Выставку Юрия Данченко я вниманием не удостоила - та часть, которая размещена на первом этаже, меня не тронула, а вот масштабную экспозицию в выставочном зале осматривала долго. В целом она мне не понравилась, и вот почему.
Все представленные картины, графические листы и плакаты - работы художников Студии военных художников имени М. Б. Грекова, поэтому и темы - Афганистан, Сирия, СВО. Качество живописи, конечно, высокое, но мне кажется, то, что мы уже видели на фото в сводках, не трогает в виде масштабных полотен. Прошло время, когда художники-баталисты документировали увиденное на поле боя, чтобы сохранить это для истории. Работа той же артиллерии или беспилотчиков на снимках военкоров выглядит куда более впечатляюще и эффектно, чем в перерисованном виде. Собственно, с фотографиями времен Великой Отечественной всё обстояло так же, и большие художники не копировали их, а перерабатывали и создавали картины, которые брали за самое сердце.

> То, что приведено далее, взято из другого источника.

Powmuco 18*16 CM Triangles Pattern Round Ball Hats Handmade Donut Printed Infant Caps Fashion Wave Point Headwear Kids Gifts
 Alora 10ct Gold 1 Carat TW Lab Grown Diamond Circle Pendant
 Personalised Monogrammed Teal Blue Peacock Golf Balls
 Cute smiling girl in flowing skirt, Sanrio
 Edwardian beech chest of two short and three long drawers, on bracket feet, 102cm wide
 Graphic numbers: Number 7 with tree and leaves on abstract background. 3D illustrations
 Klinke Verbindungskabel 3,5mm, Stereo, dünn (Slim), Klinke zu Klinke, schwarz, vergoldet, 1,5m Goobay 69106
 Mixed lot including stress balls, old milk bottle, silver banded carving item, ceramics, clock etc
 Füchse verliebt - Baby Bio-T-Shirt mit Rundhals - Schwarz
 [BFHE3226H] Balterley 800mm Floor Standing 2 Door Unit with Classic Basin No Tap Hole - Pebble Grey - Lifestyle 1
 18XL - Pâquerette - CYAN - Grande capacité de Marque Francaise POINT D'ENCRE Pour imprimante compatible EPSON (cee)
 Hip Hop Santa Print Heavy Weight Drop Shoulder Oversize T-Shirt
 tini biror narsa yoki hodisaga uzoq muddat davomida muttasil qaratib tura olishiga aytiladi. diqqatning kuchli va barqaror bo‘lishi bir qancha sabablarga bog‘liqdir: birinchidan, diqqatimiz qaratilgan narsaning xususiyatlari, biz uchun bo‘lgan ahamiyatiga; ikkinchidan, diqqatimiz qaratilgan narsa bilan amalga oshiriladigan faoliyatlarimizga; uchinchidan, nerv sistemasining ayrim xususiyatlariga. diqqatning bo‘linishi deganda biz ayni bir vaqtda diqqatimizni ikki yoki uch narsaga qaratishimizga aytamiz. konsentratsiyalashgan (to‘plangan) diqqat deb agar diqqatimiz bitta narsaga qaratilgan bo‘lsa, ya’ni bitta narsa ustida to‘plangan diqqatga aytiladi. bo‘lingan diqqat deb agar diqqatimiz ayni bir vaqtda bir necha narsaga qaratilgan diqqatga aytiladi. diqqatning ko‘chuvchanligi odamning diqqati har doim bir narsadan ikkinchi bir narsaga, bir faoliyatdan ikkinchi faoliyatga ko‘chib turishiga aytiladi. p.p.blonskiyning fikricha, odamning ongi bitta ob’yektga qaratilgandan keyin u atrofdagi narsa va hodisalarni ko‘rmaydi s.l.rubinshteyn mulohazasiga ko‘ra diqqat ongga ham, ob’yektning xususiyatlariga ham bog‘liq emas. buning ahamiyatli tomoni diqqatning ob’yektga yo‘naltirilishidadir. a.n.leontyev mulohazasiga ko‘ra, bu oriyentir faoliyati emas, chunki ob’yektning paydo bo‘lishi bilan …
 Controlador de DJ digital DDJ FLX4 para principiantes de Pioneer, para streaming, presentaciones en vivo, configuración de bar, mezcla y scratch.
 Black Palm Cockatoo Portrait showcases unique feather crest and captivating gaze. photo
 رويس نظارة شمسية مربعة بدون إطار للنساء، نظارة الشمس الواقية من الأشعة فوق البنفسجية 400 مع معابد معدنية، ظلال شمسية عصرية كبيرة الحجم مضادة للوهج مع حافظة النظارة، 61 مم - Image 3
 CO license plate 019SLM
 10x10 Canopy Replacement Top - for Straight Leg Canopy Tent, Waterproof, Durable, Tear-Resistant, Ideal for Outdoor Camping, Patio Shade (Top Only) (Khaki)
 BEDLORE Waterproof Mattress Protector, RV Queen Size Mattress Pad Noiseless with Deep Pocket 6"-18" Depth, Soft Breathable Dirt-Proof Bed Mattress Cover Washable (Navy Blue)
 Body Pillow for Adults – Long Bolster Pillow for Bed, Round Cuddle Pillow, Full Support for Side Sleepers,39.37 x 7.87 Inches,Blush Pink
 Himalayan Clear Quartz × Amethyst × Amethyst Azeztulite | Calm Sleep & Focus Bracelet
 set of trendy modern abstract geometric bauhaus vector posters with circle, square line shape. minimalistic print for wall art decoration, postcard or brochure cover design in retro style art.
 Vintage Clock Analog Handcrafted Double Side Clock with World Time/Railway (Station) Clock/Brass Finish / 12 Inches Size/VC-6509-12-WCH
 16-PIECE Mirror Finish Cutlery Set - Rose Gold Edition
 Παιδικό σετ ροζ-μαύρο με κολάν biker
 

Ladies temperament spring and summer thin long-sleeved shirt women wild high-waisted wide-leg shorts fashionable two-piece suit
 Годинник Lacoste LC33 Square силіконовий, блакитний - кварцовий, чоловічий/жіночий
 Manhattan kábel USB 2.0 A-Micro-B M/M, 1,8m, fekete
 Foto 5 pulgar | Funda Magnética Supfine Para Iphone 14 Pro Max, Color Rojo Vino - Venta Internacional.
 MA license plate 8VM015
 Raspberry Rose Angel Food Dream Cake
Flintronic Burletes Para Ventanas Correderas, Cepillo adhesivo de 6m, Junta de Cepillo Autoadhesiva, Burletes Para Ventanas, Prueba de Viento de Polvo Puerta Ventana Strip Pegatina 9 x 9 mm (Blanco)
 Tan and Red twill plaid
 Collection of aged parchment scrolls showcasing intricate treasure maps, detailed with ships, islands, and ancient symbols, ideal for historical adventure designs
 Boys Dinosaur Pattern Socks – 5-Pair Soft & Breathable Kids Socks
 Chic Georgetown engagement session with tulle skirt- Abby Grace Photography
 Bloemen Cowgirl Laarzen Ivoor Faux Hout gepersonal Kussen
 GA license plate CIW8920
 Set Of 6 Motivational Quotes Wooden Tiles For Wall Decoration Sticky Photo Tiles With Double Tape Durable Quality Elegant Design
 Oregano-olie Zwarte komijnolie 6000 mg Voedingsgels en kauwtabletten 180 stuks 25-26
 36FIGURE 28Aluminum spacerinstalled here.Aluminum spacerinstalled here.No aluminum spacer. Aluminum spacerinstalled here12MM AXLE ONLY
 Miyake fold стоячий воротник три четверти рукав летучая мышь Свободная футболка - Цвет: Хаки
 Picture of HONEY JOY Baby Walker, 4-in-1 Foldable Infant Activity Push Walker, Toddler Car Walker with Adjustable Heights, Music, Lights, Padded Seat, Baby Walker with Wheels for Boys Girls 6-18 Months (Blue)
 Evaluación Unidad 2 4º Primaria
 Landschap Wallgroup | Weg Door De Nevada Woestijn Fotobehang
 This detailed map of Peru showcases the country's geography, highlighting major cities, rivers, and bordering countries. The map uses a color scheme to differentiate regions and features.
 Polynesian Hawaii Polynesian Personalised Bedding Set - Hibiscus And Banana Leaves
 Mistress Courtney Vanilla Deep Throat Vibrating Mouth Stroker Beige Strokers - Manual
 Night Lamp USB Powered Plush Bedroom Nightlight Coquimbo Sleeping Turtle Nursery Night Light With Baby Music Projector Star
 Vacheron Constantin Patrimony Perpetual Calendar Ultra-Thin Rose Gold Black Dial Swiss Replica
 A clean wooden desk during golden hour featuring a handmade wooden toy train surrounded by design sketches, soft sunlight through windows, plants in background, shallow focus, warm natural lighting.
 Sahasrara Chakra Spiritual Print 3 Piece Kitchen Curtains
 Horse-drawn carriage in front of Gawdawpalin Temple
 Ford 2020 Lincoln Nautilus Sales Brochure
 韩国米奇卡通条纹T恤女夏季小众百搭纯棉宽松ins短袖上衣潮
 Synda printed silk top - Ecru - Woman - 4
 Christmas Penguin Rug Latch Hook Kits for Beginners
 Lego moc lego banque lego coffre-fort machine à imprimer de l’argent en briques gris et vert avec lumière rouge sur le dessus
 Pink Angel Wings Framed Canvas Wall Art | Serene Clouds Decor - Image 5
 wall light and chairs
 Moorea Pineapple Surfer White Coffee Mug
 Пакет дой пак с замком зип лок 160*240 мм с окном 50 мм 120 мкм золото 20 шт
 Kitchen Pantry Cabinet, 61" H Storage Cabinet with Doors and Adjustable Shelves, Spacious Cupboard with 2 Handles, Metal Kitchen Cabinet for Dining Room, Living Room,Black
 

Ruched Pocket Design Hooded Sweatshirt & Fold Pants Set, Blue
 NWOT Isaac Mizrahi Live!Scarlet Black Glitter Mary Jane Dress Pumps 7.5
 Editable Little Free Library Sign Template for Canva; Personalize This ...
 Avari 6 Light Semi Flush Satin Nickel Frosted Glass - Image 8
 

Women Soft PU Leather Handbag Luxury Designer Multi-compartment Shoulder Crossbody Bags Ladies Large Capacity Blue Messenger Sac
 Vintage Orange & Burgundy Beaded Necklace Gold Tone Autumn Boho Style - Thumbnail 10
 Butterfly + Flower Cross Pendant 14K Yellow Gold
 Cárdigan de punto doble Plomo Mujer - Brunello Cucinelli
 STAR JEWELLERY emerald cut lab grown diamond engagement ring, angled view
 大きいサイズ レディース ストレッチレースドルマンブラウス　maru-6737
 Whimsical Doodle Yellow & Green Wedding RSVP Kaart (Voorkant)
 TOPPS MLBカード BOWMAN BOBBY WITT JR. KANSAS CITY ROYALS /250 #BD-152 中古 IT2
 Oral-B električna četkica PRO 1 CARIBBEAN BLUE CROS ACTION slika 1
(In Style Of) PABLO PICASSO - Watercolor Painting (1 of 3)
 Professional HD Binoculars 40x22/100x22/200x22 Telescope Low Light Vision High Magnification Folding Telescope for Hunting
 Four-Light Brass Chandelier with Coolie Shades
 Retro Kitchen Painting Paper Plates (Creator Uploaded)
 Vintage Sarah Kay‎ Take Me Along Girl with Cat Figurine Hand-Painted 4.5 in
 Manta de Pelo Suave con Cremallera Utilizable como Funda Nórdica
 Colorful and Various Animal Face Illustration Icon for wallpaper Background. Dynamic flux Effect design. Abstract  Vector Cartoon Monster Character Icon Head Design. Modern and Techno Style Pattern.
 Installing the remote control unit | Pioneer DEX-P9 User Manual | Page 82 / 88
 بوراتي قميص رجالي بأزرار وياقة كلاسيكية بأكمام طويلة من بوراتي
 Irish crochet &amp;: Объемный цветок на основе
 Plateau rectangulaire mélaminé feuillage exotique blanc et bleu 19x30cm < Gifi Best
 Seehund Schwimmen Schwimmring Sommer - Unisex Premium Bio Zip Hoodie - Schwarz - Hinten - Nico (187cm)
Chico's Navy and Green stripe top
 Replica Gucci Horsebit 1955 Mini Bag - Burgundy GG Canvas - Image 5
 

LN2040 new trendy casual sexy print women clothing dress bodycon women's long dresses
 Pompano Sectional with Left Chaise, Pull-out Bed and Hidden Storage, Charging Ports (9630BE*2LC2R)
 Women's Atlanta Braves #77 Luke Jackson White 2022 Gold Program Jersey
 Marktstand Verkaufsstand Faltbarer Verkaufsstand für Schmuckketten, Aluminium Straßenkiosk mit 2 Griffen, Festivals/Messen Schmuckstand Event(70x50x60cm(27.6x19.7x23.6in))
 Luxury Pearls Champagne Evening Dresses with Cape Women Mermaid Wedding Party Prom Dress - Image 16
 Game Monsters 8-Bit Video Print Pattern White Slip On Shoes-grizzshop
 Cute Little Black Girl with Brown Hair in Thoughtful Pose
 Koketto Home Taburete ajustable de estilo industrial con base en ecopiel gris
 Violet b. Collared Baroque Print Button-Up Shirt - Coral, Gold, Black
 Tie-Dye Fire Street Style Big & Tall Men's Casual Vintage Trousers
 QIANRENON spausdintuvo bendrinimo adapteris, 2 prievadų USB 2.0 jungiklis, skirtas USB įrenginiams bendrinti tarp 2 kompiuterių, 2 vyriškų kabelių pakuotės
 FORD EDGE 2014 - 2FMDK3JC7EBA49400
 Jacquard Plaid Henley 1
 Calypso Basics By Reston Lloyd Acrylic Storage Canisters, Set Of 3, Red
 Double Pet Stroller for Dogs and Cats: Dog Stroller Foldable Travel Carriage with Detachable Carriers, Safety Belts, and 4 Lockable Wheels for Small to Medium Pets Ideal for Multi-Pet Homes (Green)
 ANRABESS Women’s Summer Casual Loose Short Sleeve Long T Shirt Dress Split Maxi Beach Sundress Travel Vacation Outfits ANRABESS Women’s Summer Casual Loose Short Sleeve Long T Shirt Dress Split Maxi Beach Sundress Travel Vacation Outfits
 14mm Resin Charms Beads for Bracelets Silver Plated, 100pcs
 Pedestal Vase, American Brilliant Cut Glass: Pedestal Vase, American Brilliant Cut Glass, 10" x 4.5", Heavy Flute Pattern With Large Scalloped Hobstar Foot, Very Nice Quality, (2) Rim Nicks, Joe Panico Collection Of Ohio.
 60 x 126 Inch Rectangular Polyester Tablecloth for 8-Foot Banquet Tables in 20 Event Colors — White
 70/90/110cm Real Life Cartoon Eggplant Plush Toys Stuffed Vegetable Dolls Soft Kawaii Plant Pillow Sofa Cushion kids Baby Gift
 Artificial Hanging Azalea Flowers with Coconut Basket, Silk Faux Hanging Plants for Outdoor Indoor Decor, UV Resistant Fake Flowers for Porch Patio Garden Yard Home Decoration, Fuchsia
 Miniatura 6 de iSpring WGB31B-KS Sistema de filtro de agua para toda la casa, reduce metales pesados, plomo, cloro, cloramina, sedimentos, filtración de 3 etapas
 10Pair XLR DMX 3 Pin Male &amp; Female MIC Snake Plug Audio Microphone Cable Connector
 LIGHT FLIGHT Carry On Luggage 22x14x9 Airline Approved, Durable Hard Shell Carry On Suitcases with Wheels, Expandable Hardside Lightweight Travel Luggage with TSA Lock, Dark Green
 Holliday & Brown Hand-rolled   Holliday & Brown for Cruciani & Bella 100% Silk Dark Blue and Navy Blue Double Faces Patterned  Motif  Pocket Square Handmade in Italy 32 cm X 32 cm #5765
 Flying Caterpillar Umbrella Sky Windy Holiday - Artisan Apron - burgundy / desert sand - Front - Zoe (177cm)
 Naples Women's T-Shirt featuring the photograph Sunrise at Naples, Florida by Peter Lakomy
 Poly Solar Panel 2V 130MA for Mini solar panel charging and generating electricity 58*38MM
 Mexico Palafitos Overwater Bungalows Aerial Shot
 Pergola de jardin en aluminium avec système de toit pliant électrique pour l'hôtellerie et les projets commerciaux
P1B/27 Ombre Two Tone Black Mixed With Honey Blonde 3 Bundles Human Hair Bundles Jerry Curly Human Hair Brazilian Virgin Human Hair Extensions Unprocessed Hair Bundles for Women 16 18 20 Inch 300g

Работы же на выставке механистичны. Конечно, и то, что военные, в основном, в полной экипировке, с закрытыми балаклавами лицами, не добавляет полотнам жизни, но проблема не ином - в кризисе жанра, кризисе искусства вообще. Что-то должно быть другое: не раздача гуманитарки, не вооружение, сложенное перед самолетами, не стоящие красиво саперы, не пункт пропуска в Перекопе или танки в Сирии, а живое, то, что отзывается, должен быть сюжет, история, характеры, лица (ну хотя бы глаза), жеста, порывы - все то, что мы видим на полотнах соцреалистов или у Верещагина. А тут что-то выхолощенное. И я, признаться, не могу объяснить в полной мере мастерством художником то, что перед картинами, изображающими штурмовиков, у меня внутри что-то задрожало - скорее это эмоциональный отклик на то, что я уже видела и читала в сводках, напоминание о тех ребятах, с которыми общалась, и еще о том, в чем мы здесь живем.
И еще одна проблема: фигуры людей не стоят у художников на земле. Они будто подвешена, нет твердости, весомости нет. Вот нарисовано точно, а левитируют. Но они же живые, из плоти, крови, пота, дыма, они же - наши. Так что же не так на картинах?! В них нет истории, нет живого и нет настоящего. Нет переосмысления визуального ряда и превращения его в произведение искусства, то есть в то, что оперирует категориями более масштабными и универсальными. Ах да, и личностей художников нет - не видно ни одной.
Видимо, сейчас такой момент - точка отсчета, нулевая координата, и всё сейчас - "на нуле".